You manage a team of content creators and you’ve decided to embrace structured authoring. Congratulations!

Perhaps you’ve heard that a structured environment will help your team create content that is consistent, modular, and reusable. Maybe your manager told you to implement structure because they heard a writer spent 30 hours fixing the same sentence in 1200 different documents. Or, maybe you’ve realized just how difficult it is to use existing content when it’s covered in formatting and mixed in with irrelevant text. Whatever the reason, you’re in for quite a ride, and most importantly, you’re not alone. 

Over our 27 years in business, we’ve helped many companies move to a structured environment.
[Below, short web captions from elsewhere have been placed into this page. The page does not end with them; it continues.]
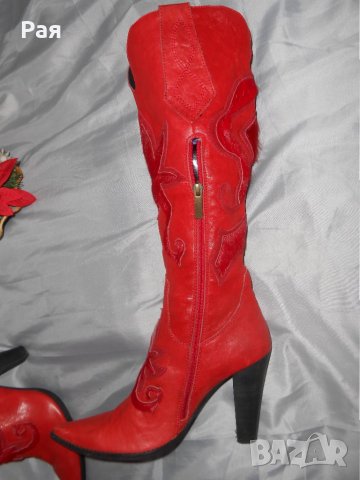 Елегантни ботуши Fiorelli червени кожа и кожа  от пони , снимка 8 - Дамски ботуши - 23847697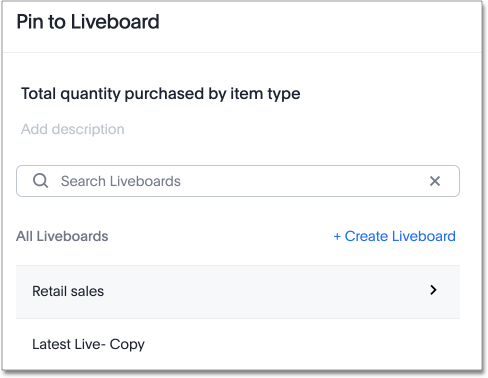 Pin to Liveboard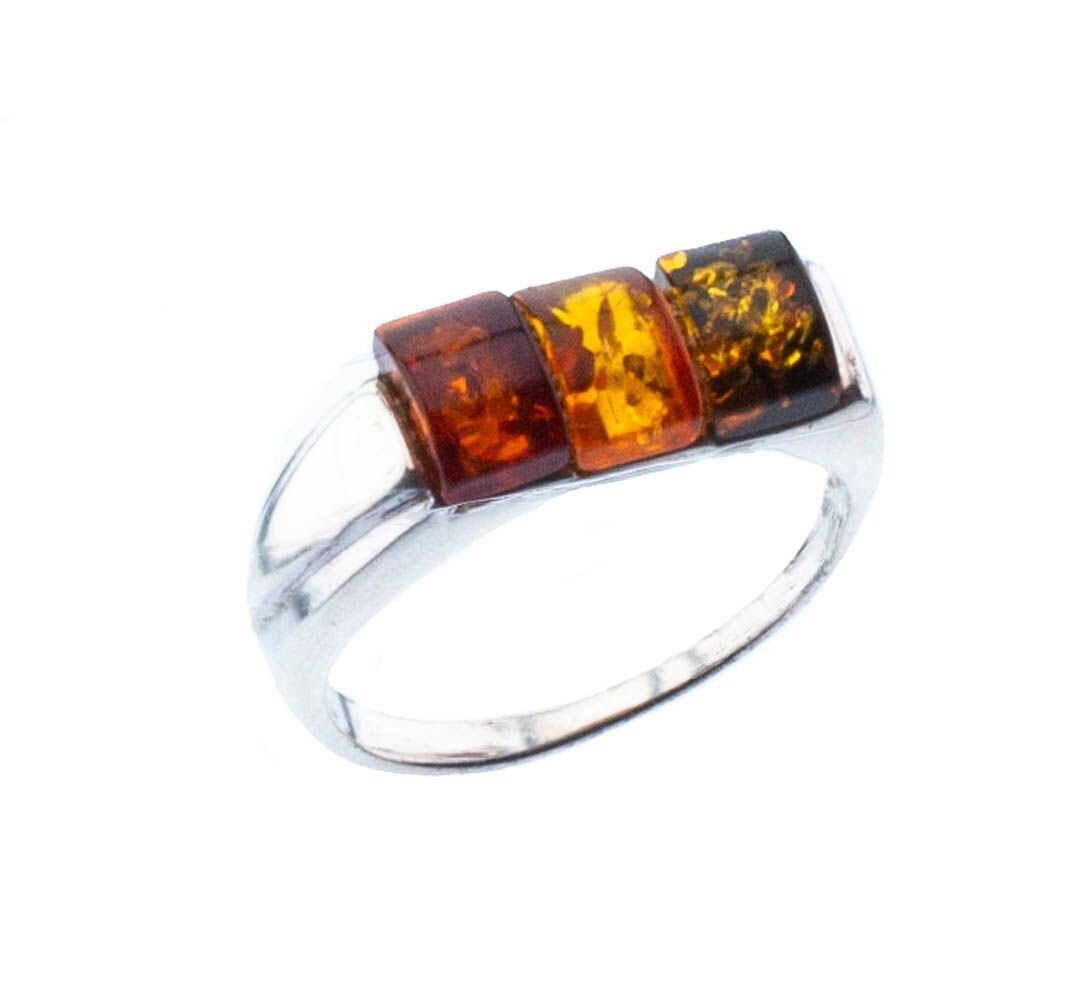 Bernstein Ring mit Silber 925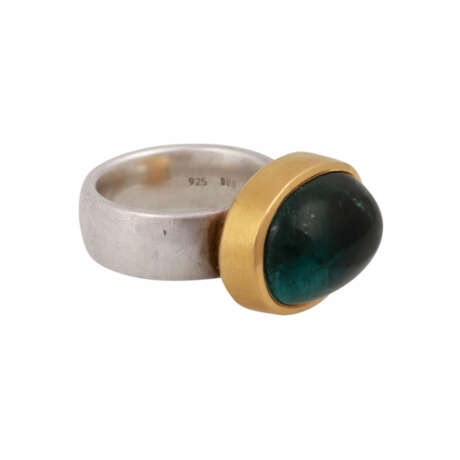 Ring mit grünemTurmalincabochon, oval ca. 18 ct, - Foto 2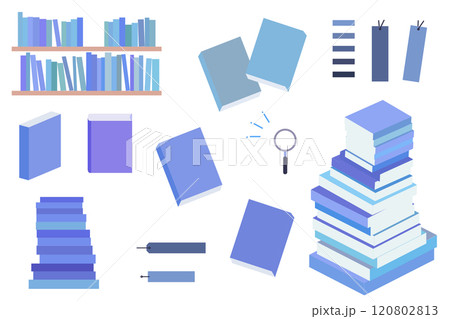 色々な形状の本のイラストセット　書籍　書店　アイコン　挿絵 120802813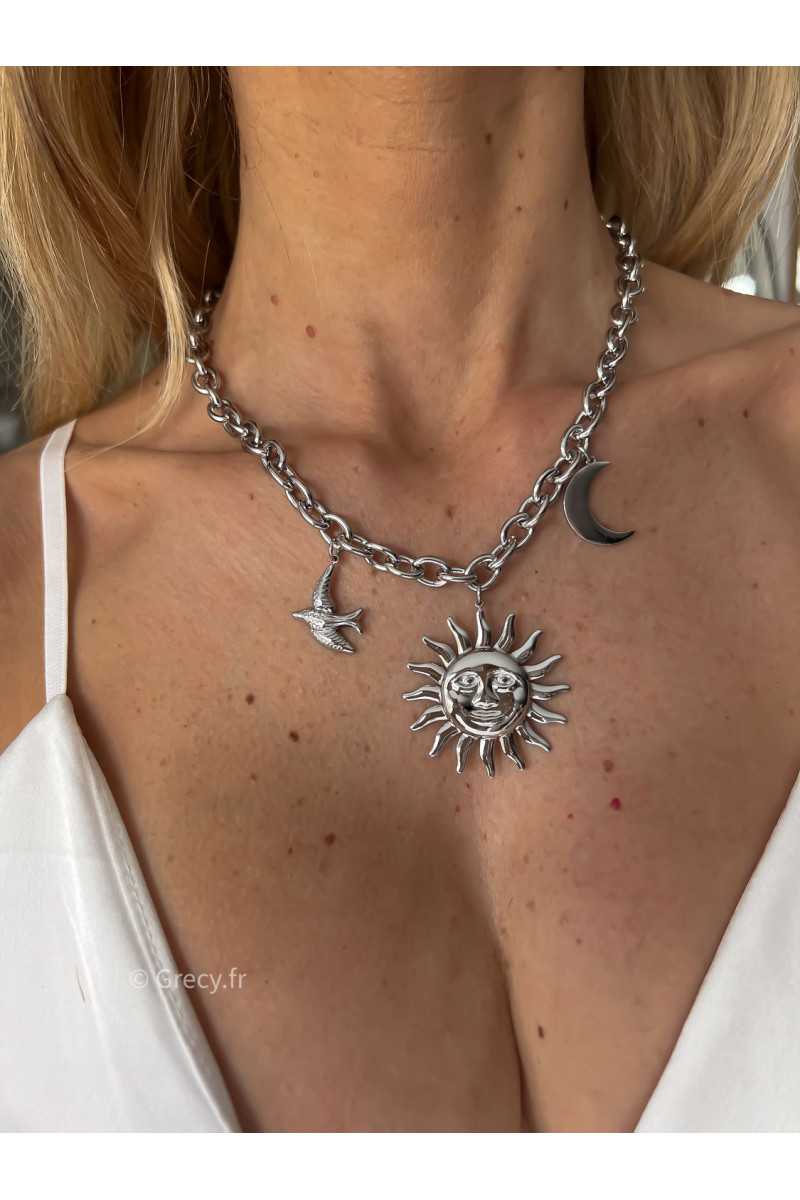 collier soleil lune oiseau charms doré or ou argenté parure acier inoxydable tendance accessoires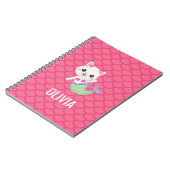 パーメイドの子猫ピンクはかりで測ク ノートブック (左側)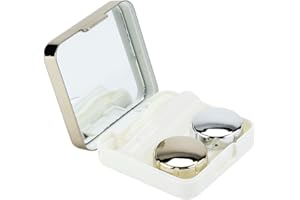 SEMME Contact Lens Case, Contact Lens Holder Eye Care Soak Storage Lenses Container Case Mirror Box Travel Kit(Gold)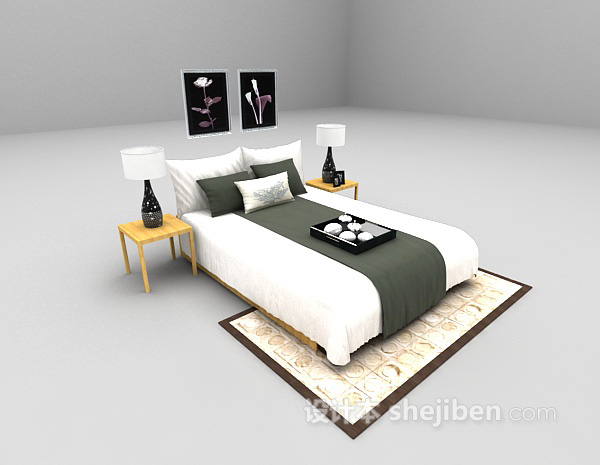 现代风格白色现代双人床3d模型下载
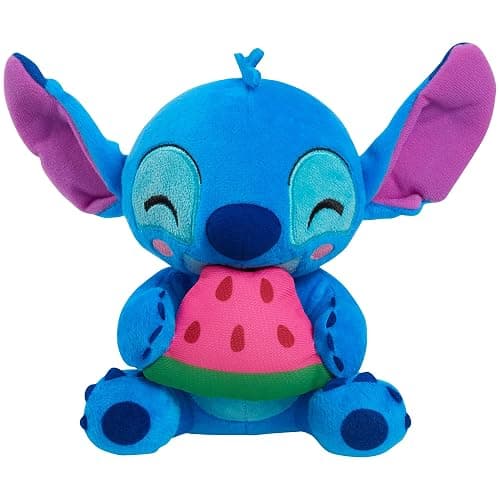 Disney Stitch Small Plush Stitch and Watermelon, Stuffed Animal, Blue, Alien, Kids Toys for Ages 2 Up by Just Play - Image 1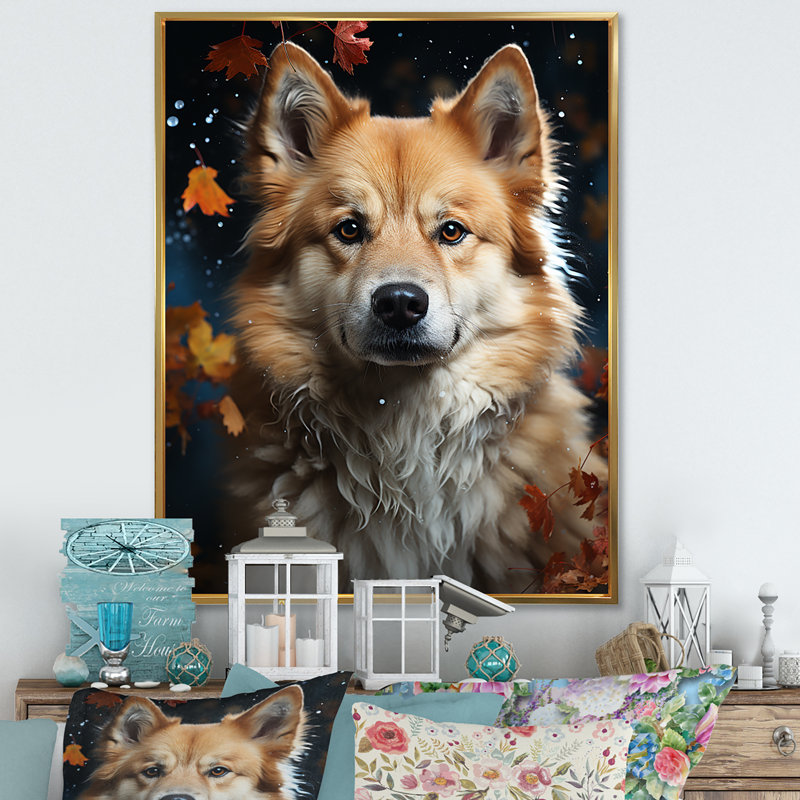 Chien Akita Aurora II sur toile, Cadre flottant doré, H 44 po x l 34 po x P 1,5 po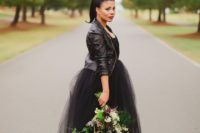 black tulle wedding dress under a jacket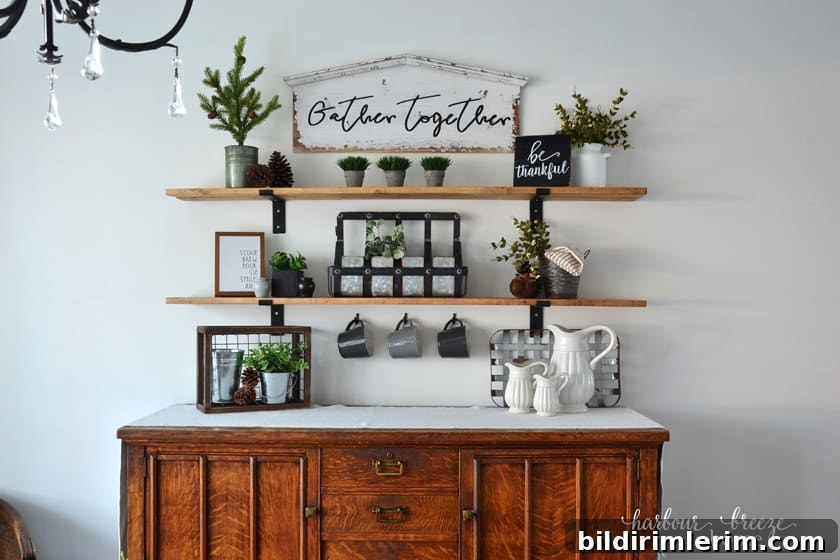 Farmhouse style wall shelves with black brackets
Inevitably, we find that most content creators experience a variety of emotions at being forced to change the way they do their job. In this blog post, I describe the eight stages of grief that you may feel during your transition to structure:

  1. Fear
  2. Anger
  3. Denial
  4. Acceptance
  5. Confusion
  6. Despair
  7. Contact Content Rules
  8. Celebration

Stage 1: Fear

Components? Topics? No formatting? What is this? 

This seems like a BIG change. You’re not sure if you or your team will be able to adapt. What if you misconfigure the tools and your content ends up in a big unusable mess instead of segmented into tagged, reusable chunks? You might just end up confusing everybody. But deep down, you know that it’s the right decision and you shouldn’t delay much longer. 

Stage 2: Anger

You are not just a content creator, you are an artist. You manage a team of amazing free spirits and you will not let them be bound by the constraints of “content models” or “standardized terminology.” This whole move to structure is a ridiculous proposition. And how do you know that this “structured authoring” system will fix anything, anyways? Not to mention, getting everything set up is going to be SO much work

Stage 3: Denial

Given these thoughts, you think you should just keep doing things the way they’ve been done. Structured authoring is probably overrated and you probably don’t need it. You know what you’re doing and the team is so awesome – we just need more “alignment.” An offsite would be less work and more fun than trying to implement “sTrUcTurE.” We just need to agree on how we’ll do things and everything will work out in the end… right?

Stage 4: Acceptance

There’s no getting around it… every day you wait to implement structure, dozens of mismatched and inaccurate PDFs are being produced and uploaded to an unnavigable documentation site. Writers are wasting hundreds of valuable hours fixing one thing across hundreds of documents, when they could be working on new content instead. It will be hard, but the quality, consistency, searchability, and overall flexibility of a structured environment will be well worth it. And when you start translating, you know you’ll save tons of money.

Stage 5: Confusion

All right – you’ve got your tools, you’ve read the books, you understand that you need to strategize… but this is really complicated. Should these two sentences be a component, or the whole paragraph? The team understands that they need to tag every piece of content they write, but you keep catching people creating content that already exists. You know you need some sort of real taxonomy and metadata strategy to keep your content organized and searchable, but where do you start? 

Stage 6: Despair

This was all a mistake. Who decided this was a good idea? You should have known that this would be a disaster. You have this system, you understand how it is supposed to work, but it’s just not. Maybe you need a different tool… but you’ve invested so much time and money getting the vendor-approved and the tool set up, you can’t afford to switch right now. How do you fix this?

Stage 7: Contact Content Rules

Another content professional tells you to check out Content Rules. After reading a few blog posts and watching Val’s webinars, you know you’ve found the help your team so desperately needs. 

You’ve been working with Content Rules for a while and have gained a clear vision for your content. You understand the steps you need to take to succeed. Your team has been trained by Content Rules on how to write in a structured environment. You have the confidence to continue developing your content strategy as time goes on. Thanks to your engagement with Content Rules, your writers feel more comfortable and confident than ever. They know that they are creating content efficiently and consistently.

Stage 8: Celebration

Your structured content ecosystem is functional and efficient. The effects are noticeable. Your company’s live support team is receiving a fraction of the calls it did before your help site was searchable and consistent. Sales have gone up as the brand messaging has become more cohesive. And now that you’re expanding into a global market, you are patting yourself on the back every time a bill for bulk translation shows thousands of affordably translated exact matches. 

You understand that as long as your company is growing and innovating, the content needs to grow and innovate along with it. The most painful part is over. You know that you must continue evolving your content models, taxonomy, and metadata in order to keep up with the rest of the business. At the end of the day, you look forward to tackling upcoming obstacles, instead of spending hours changing one identical line in thousands of documents. 

You take your team out for a celebratory offsite. Well done!